From AP and Bloomberg newswires
Output at factories, mines and utilities rose 0.5 percent in March, according to the median of 68 forecasts in a Bloomberg News survey of economists, after a 0.7 percent gain in February. The share of industrial capacity in use probably rose to 81.4 percent, the highest since September 2000, from 81.2 percent.
Companies such as Boeing Co. are receiving more overseas orders as growth in Europe and Japan accelerates. U.S. businesses are also expanding factory space and updating equipment as resources become scarce. Those capacity constraints pose a risk of inflation that may cause Fed policy makers to raise their target interest rate at least once more.
Economists' estimates of the gain in industrial production ranged from 0.2 percent to 0.7 percent. Forecasts for capacity utilization ranged from 80.5 percent to 81.8 percent.

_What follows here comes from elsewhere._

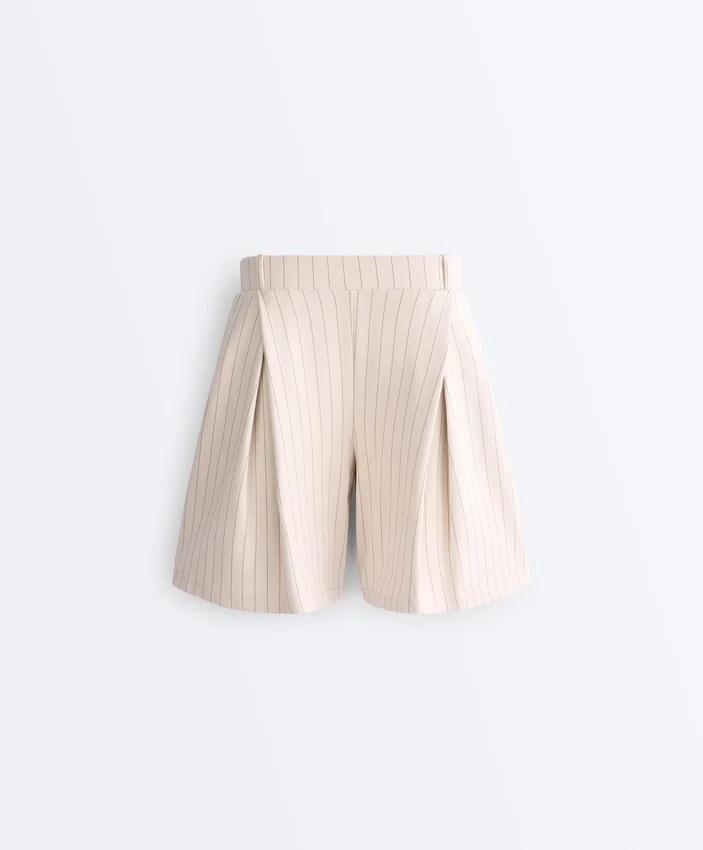 Weit geschnittene, gestreifte Bermudashorts mit Falten Weit geschnittene, gestreifte Bermudashorts mit Falten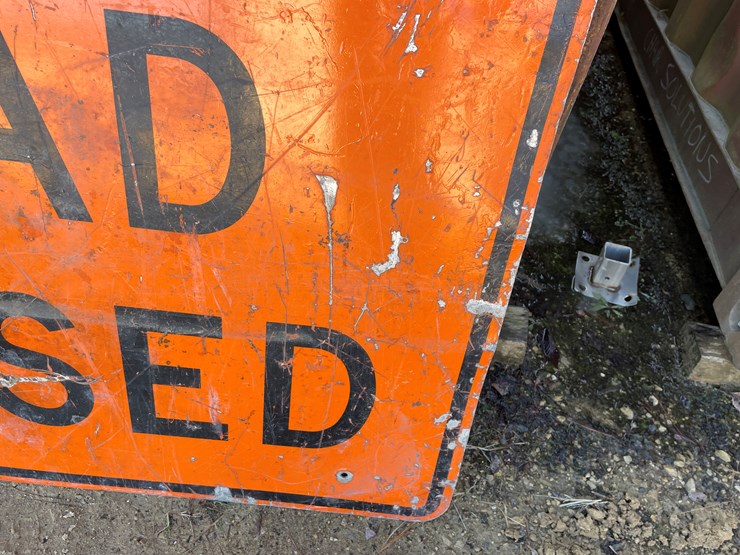 #3931-•-metal-retired-road-sign-image-6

Higher-than-average operating rates increase the risk that bottlenecks will develop in the production process, leading manufacturers to raise prices. A jobless rate at a four-year low also increases the possibility that inflation will flare.
American companies are also loosening their purse strings in order to update equipment as demand improves. U.S. chief information officers expect to spend more on information technology over the next 12 months than they planned last quarter, according to a survey by CIO Magazine earlier this month.

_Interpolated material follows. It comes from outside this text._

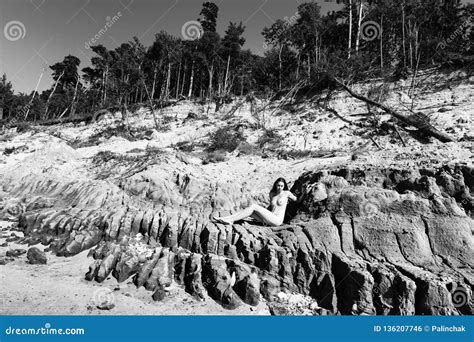 La Jeune Femme Nue Se Bronze Sur La Plage Photo Stock Image Du Adulte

Production at gas and electric utilities, which had gyrated wildly in January and February because of unusual weather, posted a 0.5 percent increase in March.
Economists look at this capacity utilization figure for clues about the future inflation climate. For instance, if plants were running at full tilt and couldn't crank out enough goods to satisfy customers' demand, then there could be a run up in prices.
The Federal Reserve boosted a key interest rate to a five-year high on March 28, the latest in a series of rate-raising moves since June 2004 to keep inflation in check. Analysts expect another rate increase on May 10, the Fed's next meeting.